What straight people can learn about sex – from LGBTQ people
Thankfully, old-fashioned, derogatory euphemisms for people attracted to the same gender – such as ‘batting for the other team’ – are falling out of favour these days. Society is waking up to the fact that sexuality shouldn’t be discussed in divisive ‘us and them’ terms. Straight people and Lesbian, Gay, Bisexual, Trans and Queer (LGBTQ) people aren’t batting against each other on different sides. We’re all on the same squad: Team Human.
But that’s not to say all sexualities and sexual cultures are homogenous – and there’s a lot of positive things we can learn from one another, about everything from new ways to savour sensual pleasure, to fresh approaches to communication that can benefit all types of partnerships. After all, love is love, and the more we all talk about it openly and share our experiences, the more lovely life can be for everybody.
Traditional gender roles can be seriously limiting – no matter how you define your sexuality. Relationship mentor Vena Ramphal, star of the erotic education TV show Sex Pod, says: “I find many straight people feel tied to restrictive ideas of masculinity and femininity and get hung up on how they’re supposed to act as a ‘real man’ or a ‘good woman’; in contrast, gay culture is better at encouraging people to choose how they express their gender in a way that feels authentic and freeing to them, rather than following a rigid script. Letting go of the pressure to perform in a certain way that’s apparently dictated by what genitals you have can not only lead to more fulfilling, playful sex, but also a wider feeling of self-liberation that spills over into your social and professional life. LGBTQ communities teach that gender is a verb, not a noun: it’s something you do, not what you are.”
Cindy identifies herself as sexually fluid – she fancies both men and women, and her tastes tend to change over time. She agrees with Vena. “I think it’s important for everyone to recognise and challenge gender roles in their relationships, and consciously find ways to live that work for you as a couple or family, rather than blindly doing what mainstream culture expects of you,’ she says. ‘This involves examining yourself and what you really want, communicating that effectively and listening to your lover when they do the same. That way, you can avoid years of potential resentment about being “expected” to be dominant in bed.”
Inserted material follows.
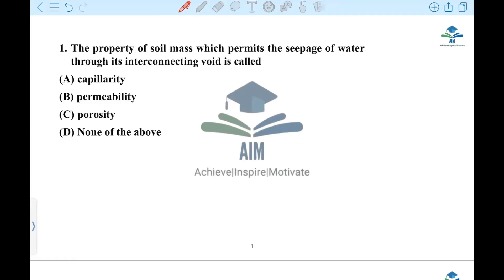Hi everyone! Today we have a session called Geotechnical Engineering with many questions. We have seen the previous question report. Now, many questions are repeated multiple times. When the PwT has been asked for questions, there are three questions.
Putting the ‘P in the V’ isn’t the only way to have sex – and penetration doesn’t always have to be the ultimate aim.
As lesbian Abebi puts it: “I hate the term ‘foreplay’ – it suggests that any form of sexual touch that doesn’t involve putting a wiener in a vag-eena is just second-rate build-up to the main event of penetration. My experiences as a girl who likes girls suggest you don’t need a penis to have a great time and I wonder whether some straight couples could discover a whole new world of sensuous joy if they stopped seeing penetrative sex as the be all and end all. I suspect some men would welcome a break from them pumping away being viewed as such a big deal, too – it must be stressful to feel like the “success” of a sexual encounter rests entirely upon your erection.”
Dr Meg-John Barker tutors sex, gender and relationships via the Open University, and is co-author of Enjoy Sex (How, When And If You Want To) with sex educator Justin Hancock. Dr Barker says: “Because intimate interactions between queer people often involve bodies that can’t conform to the standard ‘penis in vagina’ model of intercourse, their definition of what “sex” is becomes more flexible – and it can be more luscious, too. Some queer couples take turns to focus on one person’s pleasure each time they play, rather than always seeking to please them both at once, and many experiment with stimulating other parts of the brain and body apart from the genitalia, too.”
A DEEPER LEVEL
Knowing yourself – and accepting yourself – provides a solid foundation for interacting with others.
Juliette Prais, CEO of queer dating and matchmaking company Pink Lobster, says: “Queer people have often faced challenging times while growing up and figuring out their identities, which sometimes force them to examine themselves on a deeper level than some straight individuals. I’d encourage heterosexual folks to develop their self-awareness in whatever ways they find helpful (self-help books, open-minded conversations with friends and so on), because truly knowing yourself helps prevent you entering into a relationship where you’re unwittingly moulded to another person’s desires.”
Jess Wilde from online erotic retailer Lovehoney muses, “If you’re part of a [cis] same-sex pair, you may well have a better understanding of how things feel in bed for your lover, because you have similar bodies, and can experience the same sorts of touch.” Straight couples can improve their lovemaking by educating themselves as much as possible about the anatomy and physical workings of the opposite sex – from periods and G-spots to prostates and scrotums. So, do your homework, ask questions to expand your knowledge and enjoy exploring the whole of each other.